A few months later and some plants are done and there are holes everywhere of naked earth and the next batch of seedlings is just sulking in the ground/propagation tray. The result is that the tiny plot is empty most of the time, and we buy in 90% of our veggies still.
Seasonal planting time tables, planting succession, companion planting and crop rotation must all be borne in mind. From working for Karen Parkin, a permaculturist with decades of vegetable gardening experience, I got a peep at how to do successions. She had a tiny propagation space in seed frames and kept a large vegetable garden stuffed with food plants the whole year. SEED taught me vegetable bed preparation hacks that eliminate weeding for ages.
Growing veggies for a season has highlighted some issues with root vegetables. Organic farmers say you need space without any weeds, preferably plantless, to make decent sized carrots etc. Carrots need depth, which is blocked by my cardboard using weed occultation process. Some simple carrot hacks will fix this I'm sure. The leaf vegetables do well when crowded, but I can't do dense mixed planting without compromising the root harvest. Still so much to learn. Pete Staley, a local teacher of permaculture, is doing workshops on market garden management but its so large scale by comparison to what the average small kitchen garden needs. The systems probably work with a lot more ‘empty space’, and space on a micro scale is the most valuable commodity.

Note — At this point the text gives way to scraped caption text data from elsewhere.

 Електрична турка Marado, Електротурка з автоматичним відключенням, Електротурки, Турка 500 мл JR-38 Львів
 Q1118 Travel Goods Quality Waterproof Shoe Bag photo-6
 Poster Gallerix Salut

I am sure what I’m concerned about is of interest to every market gardener, small kitchen garden owner, guerrilla gardener, farmer, and gardening NGO, if there is a name for it. I slowly became aware of this problem and began tentative enquiries. I found out about Tyisa Nabanye and OZCF (two local urban farms) and when I quizzed one of those involved about succession it seemed to me this particular aspect of the productivity thing doesn’t have a name. It is not bandied about, it is just known. Those who know may feel it is too complex to teach, or that its such a no brainer that it can't be taught. Each plot of land may need a different strategy, making any kind of rule not applicable in most scenarios. I do not have an answer as to why it is not taught. Teachers will know that. But for me it is the nagging issue, the thorn in my flesh, the frustration left after the other stuff is internalized.

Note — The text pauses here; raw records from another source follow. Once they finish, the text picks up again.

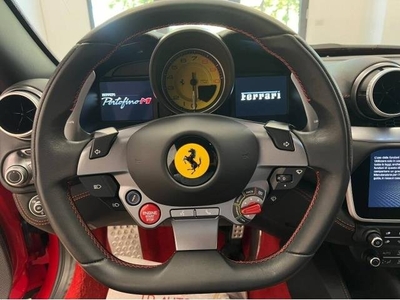 FERRARI Portofino M - Rosso Corsa - MagneRide - Sedili Elettrici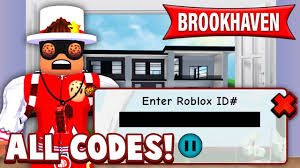 With roblox gameplay, every individual can become a master of the immersive 3d world through a plethora of highly interactive innovations which the brand offers. Every Code For Brookhaven Rp 2021 Roblox Music Id Codes How To Find Music Codes On Roblox Youtube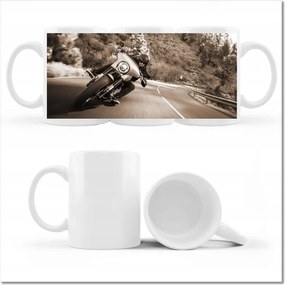 Fotó bögre Harley Davidson Motorkerékpár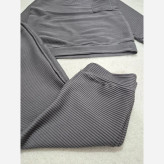 بلوز شلوار اسپرت بچگانه جنس کرکرهای سایز 40 45 50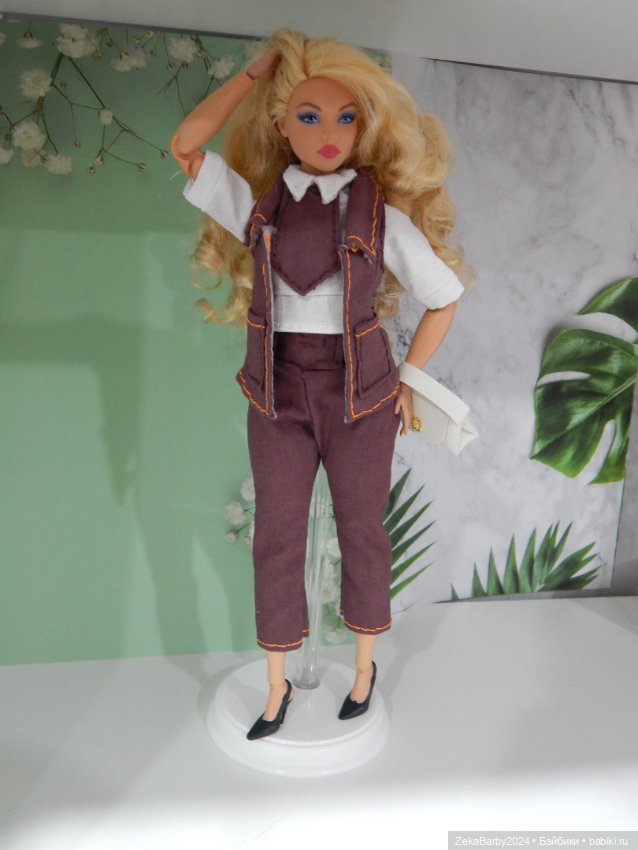 Фото к предыдущей записи — Одежда и обувь для кукол своими руками: фото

When I've gone out learning, it seems to me that teaching is focused on the natural and how that is productive, as there is so MUCH prejudice to be overcome on this matter. So this naturalness is the concern more than the productivity per area and hour, the crude productivity, so to speak, and when crude productivity is addressed its on a large scale. But the dynamics of micro scale are so different, the parameters and values so different. Time and labor is cheaper (its our own time, and our beloved plot of ground, so we work more intensively) but surface area is at a premium. Knowledge is lacking as pressure is lacking. We are all just not on the level of 'business' with its hard parameters that drive research and optimization. So there is this tension between the parameters into which micro farming just disappears somehow. Its a struggle just to get people involved in growing vegetables, on the one hand, and there are too many urgent high level political concerns on the other, such as large scale food security activism. I find myself falling into the hole between, if it exists. Maybe its my own hole and I'm digging myself in there with gusto and ignorance. I hope then, soon to discover a teacher who will revolutionize my small kitchen garden.

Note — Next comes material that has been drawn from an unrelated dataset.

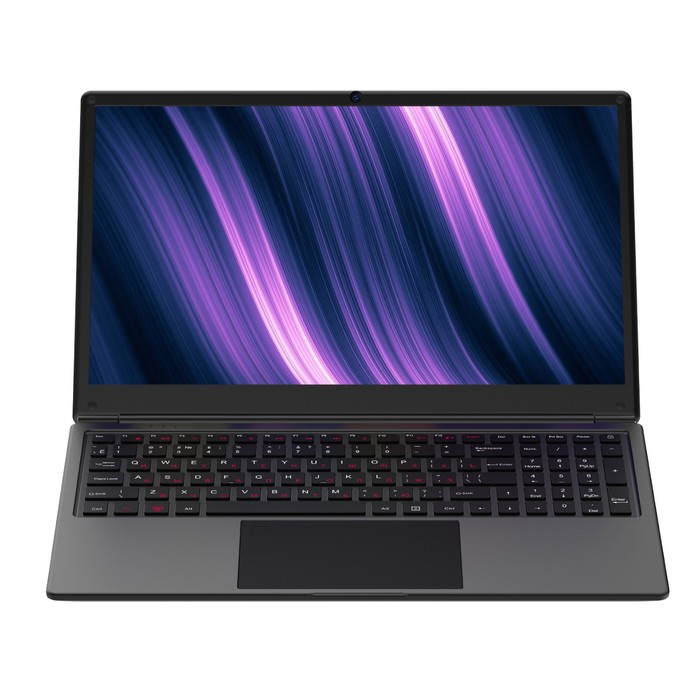 Ноутбук Hiper Workbook A1568K Core i5 1035G1 8Gb SSD512Gb Intel UHD Graphics 15.6 IPS FHD ( 10045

I wrote a few articles about the organizing and planning of productivity as I was fishing for, trying to find a ‘method’ or something to work by, approaching it from various angles. I wrote about succession ‘on demand’, with a diverse backlog of larger seedlings waiting…which I'd got from observing Karin
https://www.greenidiom.com/vegetable-garden-planner.html
Also some gardeners have amazing diversity on a small scale. I saw this in a permaculture video I can’t trace right now, this gardener had 200 species of trees in a tiny garden, so I wrote on how one could mix all kinds of useful plants in this article, and pack them into a small space, and practice ‘micro-conservation’.
https://www.greenidiom.com/urban-gardening.html
And how olives could take the position of the climax vegetation in Cape (Mediterranean) food gardens
https://www.greenidiom.com/olive-propagation.html
And how to space mixed plantings in an organic way
https://www.greenidiom.com/herb-garden-design.html
If one could find out oneself, and also teach other people with a small kitchen garden to make produce all year round, in a relatively effortless way, it would be amazing. This is the goal of permaculture, productivity without harm, and with minimum fuss, by recreating self-sustaining ecosystems. So we’re taught how to do it the natural way, and within ecosystemic thinking and design. This is fantastic, revolutionary and something I identify with profoundly. But how to ramp it up to an intense level of yield, on a tiny scale, such as that of a small kitchen garden, I haven’t found. I’ve heard of the door sized garden based on buried refuse, so one can squeeze in an amazing amount of food on two square meters, but does it maintain year round productivity ? Are the carrots miniscule ? I have not tried it, so I'm ignorant. I’m coming to the conclusion that each has to find out for himself. Each must find a solution for their own small kitchen garden. If this knowledge were easy to get, food security problems would be solved. Snipes about permaculture not producing enough yield, in certain circles, would be silenced.
I read a book by an Australian permie who is self sufficient and selling too on a larger highly productive effort efficient piece of land. She has, I think, three clusters of 7 circular beds and three 5m chicken domes in constant circulation, so she must have at least 1000 square meters. Her plants go in well grown on and large and come out at harvest in a 3 month rhythm and the beds are cleared by chickens in 2 weeks and then planted again. To pump up productivity she uses a system of planting in tubes, so there is never any ‘transplanting’ and the consequent slow down. This tube system is seen in many places locally too. I’m practicing it now, but it remains to be seen how effective it really is, and if my small scale and lack of flat terrain and consequent chicken dearth is the limiting factor. The minute you aren’t ‘market garden’ size this possibility of productivity drops. I’ve seen people here like the Guerilla house and SEED activists do amazing things and find creative low budget, small scale solutions, so I almost know they've got this whacked and perhaps just call it by a different name.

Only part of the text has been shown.